Demnach war die Nichtigkeitsbeschwerde schon bei der nichtöffentlicher Beratung zurückzuweisen (§ 285d Abs 1 StPO), woraus die Zuständigkeit des Oberlandesgerichts zur Entscheidung über die Berufung folgt (§ 285i StPO).
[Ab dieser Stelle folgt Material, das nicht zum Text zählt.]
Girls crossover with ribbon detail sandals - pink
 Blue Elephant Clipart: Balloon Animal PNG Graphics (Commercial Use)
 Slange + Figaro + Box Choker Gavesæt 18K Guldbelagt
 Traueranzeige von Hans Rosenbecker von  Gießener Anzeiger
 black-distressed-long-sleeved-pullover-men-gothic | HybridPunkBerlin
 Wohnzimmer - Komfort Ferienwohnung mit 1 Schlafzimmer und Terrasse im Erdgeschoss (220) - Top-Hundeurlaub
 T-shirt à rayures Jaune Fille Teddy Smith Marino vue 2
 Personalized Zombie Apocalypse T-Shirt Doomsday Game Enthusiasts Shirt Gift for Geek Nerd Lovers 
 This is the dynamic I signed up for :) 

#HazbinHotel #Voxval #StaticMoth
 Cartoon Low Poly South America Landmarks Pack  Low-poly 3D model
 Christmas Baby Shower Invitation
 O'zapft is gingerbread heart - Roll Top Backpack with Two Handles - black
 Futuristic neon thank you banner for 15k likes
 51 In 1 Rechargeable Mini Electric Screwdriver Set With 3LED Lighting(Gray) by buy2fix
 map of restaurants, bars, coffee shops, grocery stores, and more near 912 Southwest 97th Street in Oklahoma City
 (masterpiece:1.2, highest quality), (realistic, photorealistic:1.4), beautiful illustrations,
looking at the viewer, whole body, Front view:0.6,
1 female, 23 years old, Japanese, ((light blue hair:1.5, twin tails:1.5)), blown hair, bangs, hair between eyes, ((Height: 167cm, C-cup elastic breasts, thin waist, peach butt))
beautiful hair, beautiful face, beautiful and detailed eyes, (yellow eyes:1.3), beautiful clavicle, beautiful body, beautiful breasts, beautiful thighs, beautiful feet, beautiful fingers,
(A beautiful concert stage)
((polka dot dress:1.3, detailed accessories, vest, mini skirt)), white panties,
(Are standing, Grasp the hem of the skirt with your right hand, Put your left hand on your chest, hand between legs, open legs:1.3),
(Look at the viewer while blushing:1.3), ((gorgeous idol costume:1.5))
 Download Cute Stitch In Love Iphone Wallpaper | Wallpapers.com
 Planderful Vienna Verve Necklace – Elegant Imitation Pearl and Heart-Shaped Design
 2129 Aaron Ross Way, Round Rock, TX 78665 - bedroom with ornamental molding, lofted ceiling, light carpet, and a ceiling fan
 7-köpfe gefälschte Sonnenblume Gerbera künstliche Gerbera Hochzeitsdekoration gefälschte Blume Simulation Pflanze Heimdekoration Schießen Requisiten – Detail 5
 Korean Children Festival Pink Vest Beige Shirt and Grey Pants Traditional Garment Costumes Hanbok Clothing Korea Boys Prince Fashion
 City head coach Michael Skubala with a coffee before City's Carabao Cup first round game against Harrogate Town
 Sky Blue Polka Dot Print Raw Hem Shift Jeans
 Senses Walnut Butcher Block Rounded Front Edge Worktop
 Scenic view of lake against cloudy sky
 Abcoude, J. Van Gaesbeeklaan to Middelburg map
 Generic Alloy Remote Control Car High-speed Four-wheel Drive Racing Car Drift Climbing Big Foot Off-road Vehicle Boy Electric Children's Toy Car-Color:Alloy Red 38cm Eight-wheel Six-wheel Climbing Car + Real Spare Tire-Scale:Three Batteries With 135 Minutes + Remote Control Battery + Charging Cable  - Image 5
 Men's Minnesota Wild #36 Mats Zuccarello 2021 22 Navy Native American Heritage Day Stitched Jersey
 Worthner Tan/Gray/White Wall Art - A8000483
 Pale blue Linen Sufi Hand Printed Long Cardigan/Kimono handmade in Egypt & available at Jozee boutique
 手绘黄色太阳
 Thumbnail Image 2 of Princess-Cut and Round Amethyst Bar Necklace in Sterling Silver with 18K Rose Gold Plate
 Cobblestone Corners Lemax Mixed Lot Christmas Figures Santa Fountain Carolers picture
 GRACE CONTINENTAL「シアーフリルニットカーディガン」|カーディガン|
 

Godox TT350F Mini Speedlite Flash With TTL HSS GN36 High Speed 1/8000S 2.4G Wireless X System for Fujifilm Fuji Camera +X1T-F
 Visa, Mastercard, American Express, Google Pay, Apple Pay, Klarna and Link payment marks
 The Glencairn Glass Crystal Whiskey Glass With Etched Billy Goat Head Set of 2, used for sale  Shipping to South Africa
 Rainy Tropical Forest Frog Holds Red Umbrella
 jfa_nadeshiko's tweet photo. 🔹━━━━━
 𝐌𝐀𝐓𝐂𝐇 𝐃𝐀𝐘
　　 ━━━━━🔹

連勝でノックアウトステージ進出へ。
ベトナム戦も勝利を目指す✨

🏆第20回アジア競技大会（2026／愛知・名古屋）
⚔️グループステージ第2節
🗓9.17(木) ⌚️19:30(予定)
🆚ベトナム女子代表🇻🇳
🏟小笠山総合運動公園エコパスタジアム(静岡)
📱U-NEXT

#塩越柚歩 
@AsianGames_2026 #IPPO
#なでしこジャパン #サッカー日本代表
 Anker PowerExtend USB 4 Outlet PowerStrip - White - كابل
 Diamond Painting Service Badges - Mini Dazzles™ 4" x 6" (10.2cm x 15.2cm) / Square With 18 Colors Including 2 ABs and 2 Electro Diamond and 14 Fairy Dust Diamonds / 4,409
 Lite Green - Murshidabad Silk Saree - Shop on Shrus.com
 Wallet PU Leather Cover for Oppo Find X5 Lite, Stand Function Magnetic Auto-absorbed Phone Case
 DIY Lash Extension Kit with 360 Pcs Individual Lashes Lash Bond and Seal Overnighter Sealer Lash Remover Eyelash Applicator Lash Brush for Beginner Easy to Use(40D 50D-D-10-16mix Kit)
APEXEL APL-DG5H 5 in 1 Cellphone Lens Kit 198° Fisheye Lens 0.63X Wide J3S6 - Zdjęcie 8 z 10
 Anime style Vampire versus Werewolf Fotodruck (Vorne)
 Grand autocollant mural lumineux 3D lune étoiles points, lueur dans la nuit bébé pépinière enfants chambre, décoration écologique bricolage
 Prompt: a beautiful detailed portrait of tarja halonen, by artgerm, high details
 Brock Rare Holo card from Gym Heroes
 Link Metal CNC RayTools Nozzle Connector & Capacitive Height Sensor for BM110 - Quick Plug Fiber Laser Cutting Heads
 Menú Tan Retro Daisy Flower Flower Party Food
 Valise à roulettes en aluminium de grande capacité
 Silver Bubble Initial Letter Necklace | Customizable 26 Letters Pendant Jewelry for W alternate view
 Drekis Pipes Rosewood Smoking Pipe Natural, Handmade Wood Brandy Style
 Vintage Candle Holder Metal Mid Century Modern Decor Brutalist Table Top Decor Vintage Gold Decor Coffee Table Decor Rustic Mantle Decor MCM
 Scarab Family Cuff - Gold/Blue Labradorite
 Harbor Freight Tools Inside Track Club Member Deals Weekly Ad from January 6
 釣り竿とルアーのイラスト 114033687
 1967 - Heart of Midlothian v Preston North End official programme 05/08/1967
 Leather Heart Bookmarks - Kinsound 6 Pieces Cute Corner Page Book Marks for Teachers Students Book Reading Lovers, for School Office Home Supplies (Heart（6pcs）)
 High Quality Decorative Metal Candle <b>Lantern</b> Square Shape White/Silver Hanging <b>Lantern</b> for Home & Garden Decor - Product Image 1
Dieses wird dabei zu berücksichtigen haben, dass die Tatrichter dem Angeklagten den Milderungsgrund bisher ordentlichen Lebenswandels ohne gesetzlichen Schuldnachweis und damit gegen Art 6 Abs 2 MRK ausschließlich mit Blick auf angeblich strafbares bereits verjährtes (gar nicht unter Anklage gestelltes) Verhalten („sexuelle Übergriffe gegenüber seiner damals sechs- bis siebenjährigen Nichte Carina Z*****" in den Jahren 1987 und 1988; US 6 ff; 10) ausdrücklich in Rechnung zu stellen abgelehnt haben (vgl auch E. Fuchs in WK² § 57 Rz 16). Diesen Umstand hat der Beschwerdeführer nur in seiner - gemeinsam mit der Nichtigkeitsbeschwerde erhobenen - Berufung geltend gemacht, sodass für den Obersten Gerichtshof keine Veranlassung bestand, im Nichtigkeitsbeschwerdeverfahren auf die dadurch bewirkte Nichtigkeit aus Z 11 zweiter Fall einzugehen (RIS-Justiz RS0119220, RS0114427; Ratz, WK-StPO § 283 Rz 1 mwN und Auseinandersetzung mit der kritischen Stellungnahme Medigovic, WK-StPO § 433 Rz 25). Der Kostenausspruch beruht auf § 390a Abs 1 StPO.